ECB’s Stournaras: Euro Area Resilient but Faces Structural Weaknesses, Political Risks
4 November 2025

By David Barwick – FRANKFURT (Econostream) – European Central Bank Governing Council member Yannis Stournaras on Tuesday said the euro area economy had shown remarkable resilience despite a volatile global environment, but warned that long-standing structural shortcomings and heightened geopolitical and political risks continued to weigh on growth prospects.
Stournaras, who heads the Bank of Greece, told a conference in Athens that the July trade agreement between the United States and the European Union imposing a 15% ceiling on US tariffs for European exports was a “difficult but necessary compromise.”

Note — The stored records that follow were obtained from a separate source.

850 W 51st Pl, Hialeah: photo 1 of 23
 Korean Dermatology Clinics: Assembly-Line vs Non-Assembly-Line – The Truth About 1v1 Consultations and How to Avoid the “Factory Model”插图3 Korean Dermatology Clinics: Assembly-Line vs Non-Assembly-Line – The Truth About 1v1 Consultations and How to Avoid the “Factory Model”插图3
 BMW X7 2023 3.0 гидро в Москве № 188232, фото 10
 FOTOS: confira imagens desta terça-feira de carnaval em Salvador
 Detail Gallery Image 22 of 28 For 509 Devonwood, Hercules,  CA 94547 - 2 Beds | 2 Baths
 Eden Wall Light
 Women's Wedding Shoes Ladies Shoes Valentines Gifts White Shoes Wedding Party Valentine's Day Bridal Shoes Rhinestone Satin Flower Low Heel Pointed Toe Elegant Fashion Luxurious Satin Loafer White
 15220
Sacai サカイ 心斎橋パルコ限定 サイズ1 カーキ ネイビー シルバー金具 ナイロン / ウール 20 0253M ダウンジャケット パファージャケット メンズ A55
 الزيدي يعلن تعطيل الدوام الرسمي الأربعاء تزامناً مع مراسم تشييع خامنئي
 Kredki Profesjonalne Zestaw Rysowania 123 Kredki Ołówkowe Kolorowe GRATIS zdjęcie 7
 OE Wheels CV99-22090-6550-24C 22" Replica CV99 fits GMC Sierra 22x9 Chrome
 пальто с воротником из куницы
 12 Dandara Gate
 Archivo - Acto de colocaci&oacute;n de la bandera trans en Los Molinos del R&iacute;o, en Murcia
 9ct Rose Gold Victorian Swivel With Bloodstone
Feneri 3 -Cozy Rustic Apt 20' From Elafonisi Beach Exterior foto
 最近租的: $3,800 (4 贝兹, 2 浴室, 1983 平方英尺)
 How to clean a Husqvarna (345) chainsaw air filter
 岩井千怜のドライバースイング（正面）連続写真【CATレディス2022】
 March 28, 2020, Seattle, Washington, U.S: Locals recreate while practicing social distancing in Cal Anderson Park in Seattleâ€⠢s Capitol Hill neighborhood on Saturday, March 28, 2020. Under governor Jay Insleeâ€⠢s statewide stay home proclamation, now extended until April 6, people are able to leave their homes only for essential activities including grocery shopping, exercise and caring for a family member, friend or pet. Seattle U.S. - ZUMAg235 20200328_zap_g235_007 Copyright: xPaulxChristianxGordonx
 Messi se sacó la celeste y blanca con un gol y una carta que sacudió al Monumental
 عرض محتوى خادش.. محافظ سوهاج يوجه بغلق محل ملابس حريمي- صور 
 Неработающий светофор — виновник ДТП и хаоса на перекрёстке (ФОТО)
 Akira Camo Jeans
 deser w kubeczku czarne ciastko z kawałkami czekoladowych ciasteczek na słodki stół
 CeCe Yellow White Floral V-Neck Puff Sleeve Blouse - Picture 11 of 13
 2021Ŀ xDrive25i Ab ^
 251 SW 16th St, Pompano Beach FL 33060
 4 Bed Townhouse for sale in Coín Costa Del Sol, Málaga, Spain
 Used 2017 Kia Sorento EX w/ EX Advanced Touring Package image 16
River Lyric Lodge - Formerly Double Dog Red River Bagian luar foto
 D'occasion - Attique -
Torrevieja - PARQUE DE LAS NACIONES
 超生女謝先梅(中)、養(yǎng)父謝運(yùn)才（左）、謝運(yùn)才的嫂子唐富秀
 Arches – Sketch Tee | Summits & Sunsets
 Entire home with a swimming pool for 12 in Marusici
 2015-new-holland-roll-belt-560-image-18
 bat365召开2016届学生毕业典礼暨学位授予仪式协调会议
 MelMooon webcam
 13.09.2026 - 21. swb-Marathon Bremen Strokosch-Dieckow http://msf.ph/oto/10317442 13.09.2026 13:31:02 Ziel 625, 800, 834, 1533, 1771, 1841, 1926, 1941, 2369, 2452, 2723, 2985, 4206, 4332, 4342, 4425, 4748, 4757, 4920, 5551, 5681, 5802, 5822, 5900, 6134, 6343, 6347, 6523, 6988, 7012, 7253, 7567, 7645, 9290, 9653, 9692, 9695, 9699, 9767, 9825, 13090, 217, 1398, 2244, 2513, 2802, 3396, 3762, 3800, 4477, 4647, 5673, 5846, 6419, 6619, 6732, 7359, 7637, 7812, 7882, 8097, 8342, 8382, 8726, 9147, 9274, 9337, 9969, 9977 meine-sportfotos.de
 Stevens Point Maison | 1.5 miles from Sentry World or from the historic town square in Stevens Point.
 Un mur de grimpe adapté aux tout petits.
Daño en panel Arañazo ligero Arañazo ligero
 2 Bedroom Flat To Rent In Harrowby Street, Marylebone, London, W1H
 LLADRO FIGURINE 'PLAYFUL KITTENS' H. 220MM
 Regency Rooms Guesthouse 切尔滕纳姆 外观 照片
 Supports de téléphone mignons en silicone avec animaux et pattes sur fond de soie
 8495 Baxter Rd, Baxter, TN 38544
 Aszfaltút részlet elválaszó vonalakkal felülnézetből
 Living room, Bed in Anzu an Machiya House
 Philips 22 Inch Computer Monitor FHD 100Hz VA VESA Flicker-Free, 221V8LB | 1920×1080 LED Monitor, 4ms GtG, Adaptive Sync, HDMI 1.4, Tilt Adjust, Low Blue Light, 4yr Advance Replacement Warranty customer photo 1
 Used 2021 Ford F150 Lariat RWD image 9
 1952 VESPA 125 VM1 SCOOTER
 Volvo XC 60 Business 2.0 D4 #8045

The accord, he said, should help reduce uncertainty by ensuring the continuity and expansion of transatlantic cooperation, even as it disadvantages European producers and obliges the EU to import US energy and invest in US strategic sectors.
According to the latest ECB projections, he noted, euro area GDP growth is expected at 1.2% in 2025 and 1% in 2026, with private consumption and investment as the main drivers, while inflation is forecast to fall from 2.4% this year to 2.1% in 2025 and 1.7% in 2026, supported by lower energy prices, a stronger euro and monetary easing.
He cautioned that euro area growth prospects remain subject to “multiple downside risks”, citing persistent geopolitical tensions, trade uncertainty and political developments in France.
The euro area’s structural weaknesses, above all the gap between monetary and economic integration and the fragmentation of key markets, continue to hold back growth, he said.
Still, Stournaras said Europe also faced an opportunity as investors increased their holdings of European sovereign and high-rated corporate securities, positioning the euro area as a “stable and safe haven for investment” and strengthening the euro’s international role.
To capitalise on this, he urged renewed progress on completing the Banking Union, creating a fully functioning Capital Markets Union as part of the broader Savings and Investment Union strategy, dismantling the remaining barriers to intra-EU trade, and boosting investment in technology, defence and green growth.